More than 800 children at a time lived at Quarrier's Village during the 1890s and as the charity expanded, up to 1500 children were accommodated at a time. In total more than 30,000 children have been cared for at Quarrier's Village.

===20th century===
The organisation adapted to changes in British childcare practice and legislation in the 1970s and 80s, modernized its services, and changed its name to "Quarriers".

===21st century===
In 2004, Quarriers won both 'Fundraiser of the Year' and the Communications Award from the Institute of Fundraising Scotland.

====Quarriers Homes, Inverclyde====
In 2020 the Scottish Child Abuse Inquiry issued a report which included Quarriers Homes. The report concluded that children in the care of these institutions suffered physical, emotional, and sexual abuse, "scant regard was paid to their dignity." and that they lived in "harsh, rigid regimes.".

The chief executive of Quarriers, Alice Harper, apologized for their former policy of sending children abroad and said it was both "misguided and wrong." She also said, "Vulnerable children were sent away and we recognize that some also suffered physical and emotional abuse, including sexual abuse."

===Emigration programme===
From 1872 to 1938, the Orphan Homes of Scotland participated in an overseas emigration program that sent more than 7,000 young people primarily to Canada and some to Australia.

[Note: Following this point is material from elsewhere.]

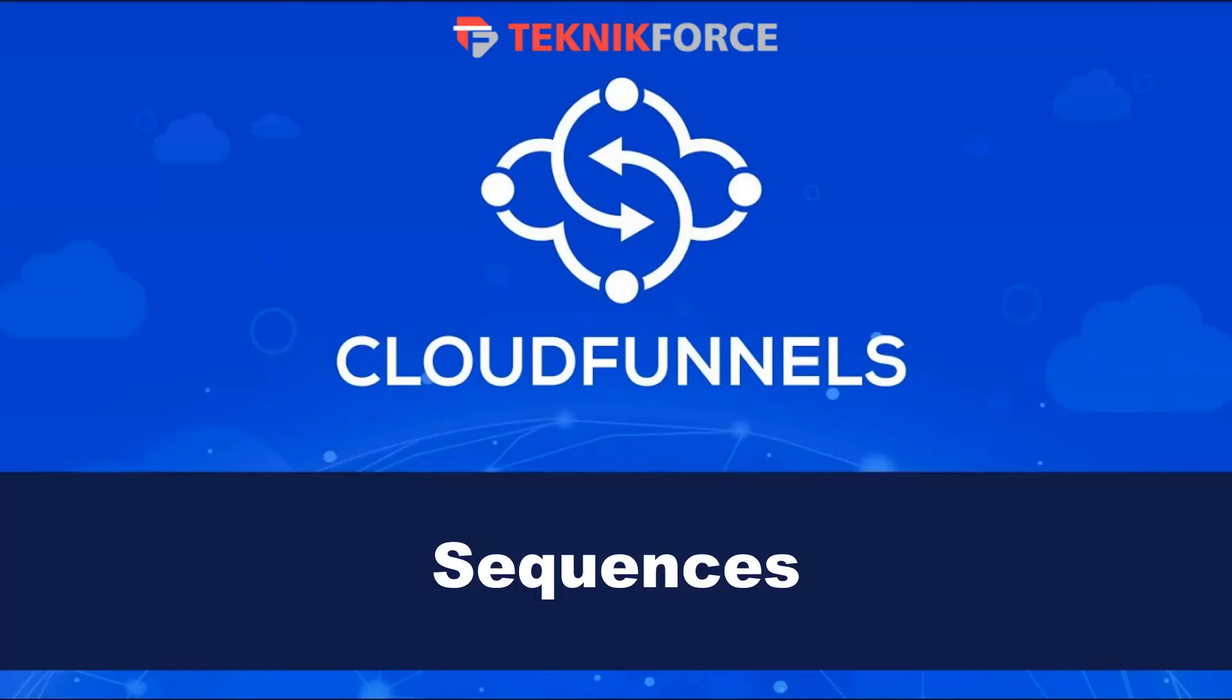Hello and welcome to this TechnicForce tutorial. In this video we're going to discuss sequences in CloudFunnels.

The homes were listed as the Orphan and Destitute Children's Emigration Homes in 1872 and had close connections with their receiving center, Fairknowe, in Brockville, Ontario. Quarriers apologized for this practice in 2019, acknowledging that while the scheme was seen to have "offered the chance of a better life", "it was misguided and wrong". The charity further acknowledged that several children had suffered cruelty and abuse.

==Current operations==
Quarriers is still based at Quarrier's Village in the civil parish of Kilmacolm, Inverclyde. Its services now cover the whole of Scotland.

In February 2008 Quarriers was the largest non-church social care charity in Scotland, as measured by annual income.

The charity provides care and support services for:

- Adults and children with a disability – through respite care, supporting people to live independently, support for people with learning difficulties and work placements.
- Children and families – through its family centres that provide information and support, drop-in services, health promotion and nursery and childcare facilities.
- Young people – through its residential school in Ardrossan, Ayrshire and other projects to help children re-integrate into mainstream schools.
- Young homeless people – through supported accommodation and outreach services.
- People with epilepsy – through its own National Epilepsy Assessment Centre and Epilepsy Fieldwork service. In 2008 the National Epilepsy Assessment Centre was awarded the European Foundation for Quality Management (EFQM) Committed to Excellence award.
- Carers – through Quarriers Carers Centres that offer information and advice, emotional support, support groups and help with financial issues.

The charity is also involved in several international projects, including the Taganka Children's Fund in Russia and Saathi, an organisation supporting women and children across Nepal.

In 2004, Quarriers won both 'Fundraiser of the Year' and the Communications Award from the Institute of Fundraising Scotland.